With but very few exceptions the bird has a hooked beak; often it is provided with a crest. Normally it has a body and wings, but never any legs. Only the head with the eye, jaws, and tongue of the crocodile are carved. The bird is undoubtedly based on the frigate-bird, but the crest is a gratuitous addition; in a few instances it seems as if the artist had a hornbill in his mind.
The body and wings of the bird are frequently omitted, then the neck disappears; in some examples only the eye and hooked beak persist (Fig. 42, B, D), and in one or two examples known to me the eye alone remains of the vanished bird.
The eye of the crocodile may develop into a grooved sigmoid curve, or degenerate into a simple loop. One or both jaws may terminate in a loop; the teeth are more often absent than present; in one spatula they occur on the tongue only (Fig. 42, C). The tongue usually reaches the bird, but it may be quite short; though generally straight, it may be carved and may terminate in a small bird’s head; indeed, either jaw may occasionally have a similar termination. For a selection of characteristic modifications of this motive I would refer the reader to Plate XII. of my _Memoir_, from which I have borrowed the examples seen in Fig. 42. Of these A is a conventional but readily recognisable representation of both the bird and the crocodile; B, C, D are varieties which present no difficulty of interpretation, and E is a slightly carved handle of a paddle in which the design is very greatly simplified.
The decorative art of the outlying Trobriands (Kiriwina) and Woodlark (Murua) Groups appears to differ in many respects from that which is characteristic of the other groups of this district; this is especially noticeable in the lime-gourds, and on the oval-painted shields.
The north-east coast of British New Guinea is now being opened up by the Administrator, Sir William MacGregor, but as yet no specimens of its decorative art have found their way to British museums.
VI.—RELATION OF THE DECORATIVE ART TO THE ETHNOLOGY OF BRITISH NEW GUINEA.
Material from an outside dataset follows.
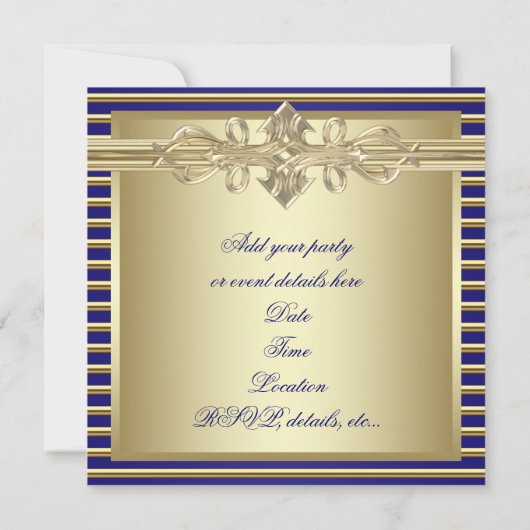 青エレガント王室の金ゴールドパーティの招待状 招待状 (裏面)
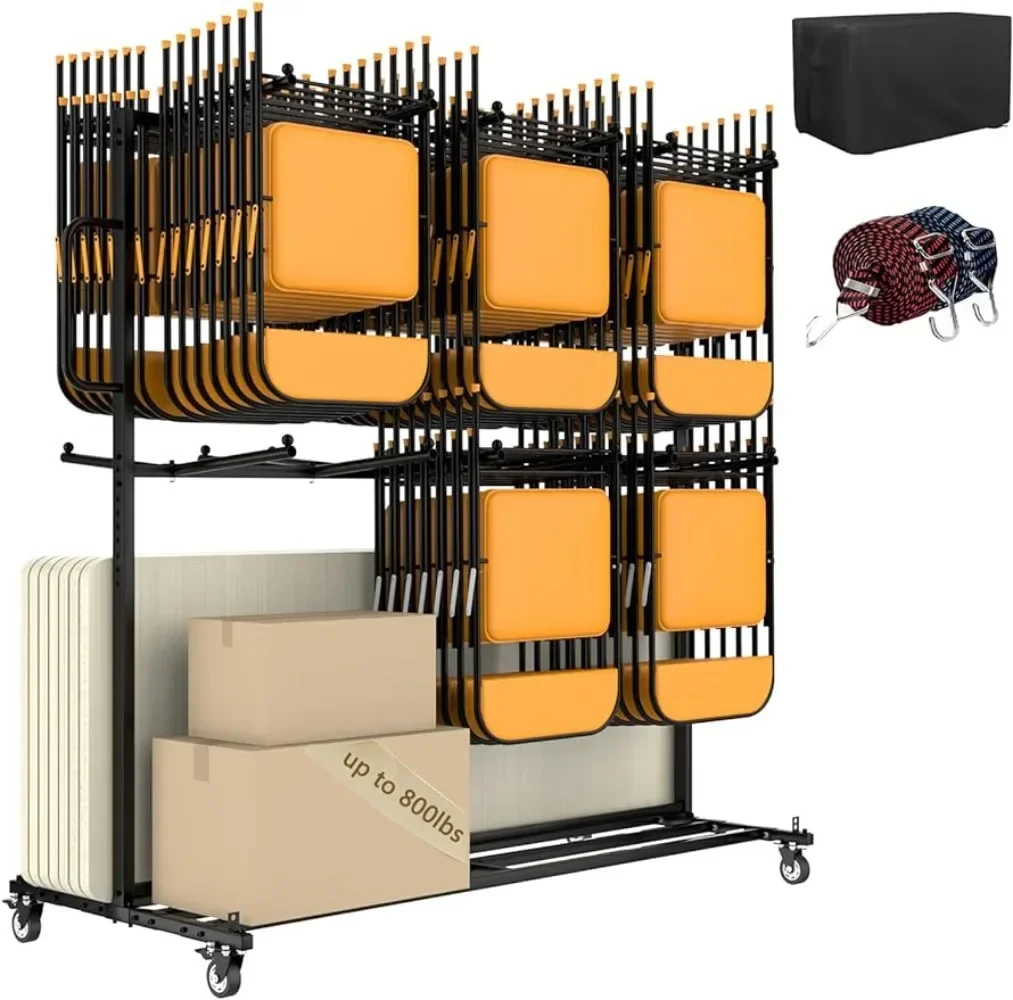 

Folding Chair Rack,Two Tier Folding Chair Cart, 2-in-1 Folding Chair Storage Rack for 84 Chairs 800Lbs Capacity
A general survey of the decorative art of British New Guinea clearly reveals the fact that there are distinct æsthetic schools, if the term may be permitted, in each of which there is a characteristic set of motives and also of forms and technique. The boundaries of these districts are not sharply defined, but, although our knowledge is still imperfect, they can in most cases be traced with sufficient exactitude. I expect that the Papuan Gulf district will be found to extend from the Fly River to Cape Possession (long. 146° 25´ E.), and that the Fly River district proper must be confined to what I have termed its Middle Region, and perhaps the upper reaches of that river as well.
We may then take these five districts for granted. The question now presents itself: What is the meaning of their distinctness? I do not think we have at present sufficient evidence to enable us to do more than make suggestions as to possible causes, and naturally ethnology is first appealed to. Are these differences due to ethnic diversity?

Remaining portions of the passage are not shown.